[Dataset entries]
* * *

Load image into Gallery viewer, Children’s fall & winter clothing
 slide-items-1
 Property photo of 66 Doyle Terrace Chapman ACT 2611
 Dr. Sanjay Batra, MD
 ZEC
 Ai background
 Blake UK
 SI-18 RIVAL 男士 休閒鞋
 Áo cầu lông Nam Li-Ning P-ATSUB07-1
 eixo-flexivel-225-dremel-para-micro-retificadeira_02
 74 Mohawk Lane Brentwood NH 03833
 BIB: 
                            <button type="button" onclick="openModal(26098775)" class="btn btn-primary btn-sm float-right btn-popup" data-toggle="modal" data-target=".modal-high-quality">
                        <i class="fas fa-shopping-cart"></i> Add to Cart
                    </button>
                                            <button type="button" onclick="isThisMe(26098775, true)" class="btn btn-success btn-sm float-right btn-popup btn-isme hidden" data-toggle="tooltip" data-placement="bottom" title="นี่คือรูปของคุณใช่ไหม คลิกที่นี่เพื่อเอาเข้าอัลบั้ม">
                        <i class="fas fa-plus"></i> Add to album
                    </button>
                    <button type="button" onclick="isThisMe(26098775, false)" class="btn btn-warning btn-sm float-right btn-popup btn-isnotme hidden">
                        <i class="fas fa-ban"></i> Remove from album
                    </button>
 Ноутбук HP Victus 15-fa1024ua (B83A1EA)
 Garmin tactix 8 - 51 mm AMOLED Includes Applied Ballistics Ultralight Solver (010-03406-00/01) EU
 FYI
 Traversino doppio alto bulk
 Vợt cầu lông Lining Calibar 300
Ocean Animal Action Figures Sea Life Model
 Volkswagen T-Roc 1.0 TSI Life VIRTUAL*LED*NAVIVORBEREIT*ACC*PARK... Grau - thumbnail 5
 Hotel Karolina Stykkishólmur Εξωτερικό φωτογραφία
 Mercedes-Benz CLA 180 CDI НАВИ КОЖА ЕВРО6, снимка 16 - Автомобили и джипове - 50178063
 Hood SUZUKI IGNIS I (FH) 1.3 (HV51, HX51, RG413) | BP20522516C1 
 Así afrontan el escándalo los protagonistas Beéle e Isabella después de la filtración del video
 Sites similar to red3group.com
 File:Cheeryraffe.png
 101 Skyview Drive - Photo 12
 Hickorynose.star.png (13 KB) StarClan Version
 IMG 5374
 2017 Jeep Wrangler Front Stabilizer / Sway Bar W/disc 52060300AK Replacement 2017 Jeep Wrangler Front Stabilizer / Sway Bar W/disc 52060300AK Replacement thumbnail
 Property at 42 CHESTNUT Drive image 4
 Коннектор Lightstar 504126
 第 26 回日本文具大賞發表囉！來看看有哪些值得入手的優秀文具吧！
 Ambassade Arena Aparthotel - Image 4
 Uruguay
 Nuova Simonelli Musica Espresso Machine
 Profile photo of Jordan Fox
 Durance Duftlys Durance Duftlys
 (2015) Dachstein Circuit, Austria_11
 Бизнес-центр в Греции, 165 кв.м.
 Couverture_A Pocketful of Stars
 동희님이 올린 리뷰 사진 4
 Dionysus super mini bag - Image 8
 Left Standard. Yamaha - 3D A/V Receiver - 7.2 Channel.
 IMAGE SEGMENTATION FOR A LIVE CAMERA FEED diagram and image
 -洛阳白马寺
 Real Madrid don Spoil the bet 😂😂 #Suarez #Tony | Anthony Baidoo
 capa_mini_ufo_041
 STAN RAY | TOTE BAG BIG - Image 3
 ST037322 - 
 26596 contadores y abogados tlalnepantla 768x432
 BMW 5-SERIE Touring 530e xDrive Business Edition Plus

* * *

**Problem requirements:** Look through the data above for lines holding the word "toggle". State how many there are and nothing else.

**Response:** 2